### The task
Give only a number in reply. It should be how many lines in the records contain the string "Ford".

### Records contained in a dataset
• • •
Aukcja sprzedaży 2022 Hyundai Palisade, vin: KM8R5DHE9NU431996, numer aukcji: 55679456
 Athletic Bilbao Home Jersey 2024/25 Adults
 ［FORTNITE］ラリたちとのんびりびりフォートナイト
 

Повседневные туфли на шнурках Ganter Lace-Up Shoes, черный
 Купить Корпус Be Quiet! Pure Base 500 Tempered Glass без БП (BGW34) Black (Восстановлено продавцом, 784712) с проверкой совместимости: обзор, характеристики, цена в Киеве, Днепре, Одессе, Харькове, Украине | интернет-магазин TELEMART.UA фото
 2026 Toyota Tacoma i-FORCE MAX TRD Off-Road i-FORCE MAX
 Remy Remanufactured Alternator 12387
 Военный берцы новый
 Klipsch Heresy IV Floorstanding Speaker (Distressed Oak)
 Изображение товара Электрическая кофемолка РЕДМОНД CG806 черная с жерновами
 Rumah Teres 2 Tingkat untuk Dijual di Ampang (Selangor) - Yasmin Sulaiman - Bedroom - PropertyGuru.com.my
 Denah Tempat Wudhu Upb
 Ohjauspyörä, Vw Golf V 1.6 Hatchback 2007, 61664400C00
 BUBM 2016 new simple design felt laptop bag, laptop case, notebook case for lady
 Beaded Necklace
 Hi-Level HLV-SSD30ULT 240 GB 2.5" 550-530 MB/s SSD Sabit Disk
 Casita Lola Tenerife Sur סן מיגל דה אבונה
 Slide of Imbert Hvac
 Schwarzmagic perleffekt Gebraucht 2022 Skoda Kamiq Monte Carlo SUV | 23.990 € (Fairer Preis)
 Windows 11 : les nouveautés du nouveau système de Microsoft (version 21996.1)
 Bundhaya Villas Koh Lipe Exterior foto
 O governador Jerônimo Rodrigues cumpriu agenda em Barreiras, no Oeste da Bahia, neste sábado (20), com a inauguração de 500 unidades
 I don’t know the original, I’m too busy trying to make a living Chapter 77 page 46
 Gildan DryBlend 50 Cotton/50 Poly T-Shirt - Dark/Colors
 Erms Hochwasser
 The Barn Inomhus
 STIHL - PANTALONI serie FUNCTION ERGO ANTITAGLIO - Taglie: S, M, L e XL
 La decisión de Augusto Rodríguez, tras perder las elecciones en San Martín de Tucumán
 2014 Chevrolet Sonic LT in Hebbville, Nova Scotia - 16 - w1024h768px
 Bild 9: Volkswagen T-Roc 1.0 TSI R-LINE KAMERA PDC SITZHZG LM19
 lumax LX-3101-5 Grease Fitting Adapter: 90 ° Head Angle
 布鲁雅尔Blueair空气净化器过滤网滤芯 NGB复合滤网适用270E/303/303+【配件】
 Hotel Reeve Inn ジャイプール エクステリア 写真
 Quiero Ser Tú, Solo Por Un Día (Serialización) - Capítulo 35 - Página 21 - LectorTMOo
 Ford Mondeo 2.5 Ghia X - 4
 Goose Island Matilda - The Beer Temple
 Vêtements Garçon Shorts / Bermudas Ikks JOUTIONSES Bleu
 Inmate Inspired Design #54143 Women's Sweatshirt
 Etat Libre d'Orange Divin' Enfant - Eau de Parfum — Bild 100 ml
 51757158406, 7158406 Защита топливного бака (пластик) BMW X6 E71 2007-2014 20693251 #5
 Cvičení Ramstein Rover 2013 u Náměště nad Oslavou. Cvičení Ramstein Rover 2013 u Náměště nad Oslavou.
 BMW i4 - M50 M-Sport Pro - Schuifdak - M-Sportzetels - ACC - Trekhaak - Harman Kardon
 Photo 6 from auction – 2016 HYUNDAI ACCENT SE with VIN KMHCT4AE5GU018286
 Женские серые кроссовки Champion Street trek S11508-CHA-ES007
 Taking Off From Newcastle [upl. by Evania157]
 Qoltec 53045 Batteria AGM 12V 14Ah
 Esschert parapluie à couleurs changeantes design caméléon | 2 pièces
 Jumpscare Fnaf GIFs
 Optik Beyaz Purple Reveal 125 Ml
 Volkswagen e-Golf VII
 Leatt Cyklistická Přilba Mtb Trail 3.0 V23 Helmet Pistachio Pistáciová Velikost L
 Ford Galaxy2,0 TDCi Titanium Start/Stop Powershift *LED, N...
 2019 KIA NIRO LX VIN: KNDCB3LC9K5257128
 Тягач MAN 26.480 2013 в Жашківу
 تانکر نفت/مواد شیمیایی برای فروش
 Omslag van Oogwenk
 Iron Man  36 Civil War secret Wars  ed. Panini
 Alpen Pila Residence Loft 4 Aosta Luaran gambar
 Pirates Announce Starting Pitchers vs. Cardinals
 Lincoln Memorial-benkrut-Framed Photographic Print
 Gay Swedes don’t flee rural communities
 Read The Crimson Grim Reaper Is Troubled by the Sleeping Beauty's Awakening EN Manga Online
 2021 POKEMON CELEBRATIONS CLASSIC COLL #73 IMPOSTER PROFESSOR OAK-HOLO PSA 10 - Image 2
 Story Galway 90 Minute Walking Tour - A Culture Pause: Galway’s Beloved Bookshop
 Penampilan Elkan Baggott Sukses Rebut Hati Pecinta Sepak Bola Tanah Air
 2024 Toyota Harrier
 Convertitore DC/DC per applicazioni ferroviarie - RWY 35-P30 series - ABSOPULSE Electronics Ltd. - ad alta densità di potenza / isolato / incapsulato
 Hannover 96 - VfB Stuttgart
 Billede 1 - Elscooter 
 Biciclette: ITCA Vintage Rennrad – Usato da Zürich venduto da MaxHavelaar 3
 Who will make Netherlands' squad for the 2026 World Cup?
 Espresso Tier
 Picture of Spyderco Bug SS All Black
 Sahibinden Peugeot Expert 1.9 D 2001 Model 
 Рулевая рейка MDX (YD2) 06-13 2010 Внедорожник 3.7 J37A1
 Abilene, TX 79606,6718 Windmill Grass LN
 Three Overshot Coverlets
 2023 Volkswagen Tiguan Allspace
• • •
### Written answer
2